Work item
Two lines in the data below mark the range: the one with "Vintage Balenciaga Decoration" and the one with "Beddengoedset voor tweepersoonsbed, 100%". Return both, along with every line between them, exactly.

Available data
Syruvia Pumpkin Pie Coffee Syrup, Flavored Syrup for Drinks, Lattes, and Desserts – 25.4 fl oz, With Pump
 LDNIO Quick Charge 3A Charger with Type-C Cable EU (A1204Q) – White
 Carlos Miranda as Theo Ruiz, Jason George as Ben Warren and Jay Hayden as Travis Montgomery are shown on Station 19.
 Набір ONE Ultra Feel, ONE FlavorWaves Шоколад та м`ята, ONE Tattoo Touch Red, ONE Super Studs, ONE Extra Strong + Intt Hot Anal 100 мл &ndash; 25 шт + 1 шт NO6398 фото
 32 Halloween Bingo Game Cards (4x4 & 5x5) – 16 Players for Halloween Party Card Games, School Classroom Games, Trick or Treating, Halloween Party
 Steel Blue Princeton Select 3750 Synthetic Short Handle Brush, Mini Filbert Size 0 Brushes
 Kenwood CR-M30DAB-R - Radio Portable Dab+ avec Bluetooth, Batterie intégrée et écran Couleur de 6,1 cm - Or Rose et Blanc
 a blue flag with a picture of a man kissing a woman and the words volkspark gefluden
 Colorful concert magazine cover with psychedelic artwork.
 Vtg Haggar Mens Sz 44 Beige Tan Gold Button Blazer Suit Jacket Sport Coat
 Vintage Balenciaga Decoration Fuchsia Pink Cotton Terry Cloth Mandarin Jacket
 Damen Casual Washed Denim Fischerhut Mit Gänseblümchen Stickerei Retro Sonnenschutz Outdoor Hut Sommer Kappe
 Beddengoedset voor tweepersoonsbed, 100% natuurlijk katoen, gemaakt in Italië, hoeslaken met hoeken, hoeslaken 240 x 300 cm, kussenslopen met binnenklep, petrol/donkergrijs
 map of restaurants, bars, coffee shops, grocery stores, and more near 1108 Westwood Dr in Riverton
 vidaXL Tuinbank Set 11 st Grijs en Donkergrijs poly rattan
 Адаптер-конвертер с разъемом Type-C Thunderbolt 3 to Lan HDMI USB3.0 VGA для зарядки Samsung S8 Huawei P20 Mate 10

Reply to the task
 Vintage Balenciaga Decoration Fuchsia Pink Cotton Terry Cloth Mandarin Jacket
 Damen Casual Washed Denim Fischerhut Mit Gänseblümchen Stickerei Retro Sonnenschutz Outdoor Hut Sommer Kappe
 Beddengoedset voor tweepersoonsbed, 100% natuurlijk katoen, gemaakt in Italië, hoeslaken met hoeken, hoeslaken 240 x 300 cm, kussenslopen met binnenklep, petrol/donkergrijs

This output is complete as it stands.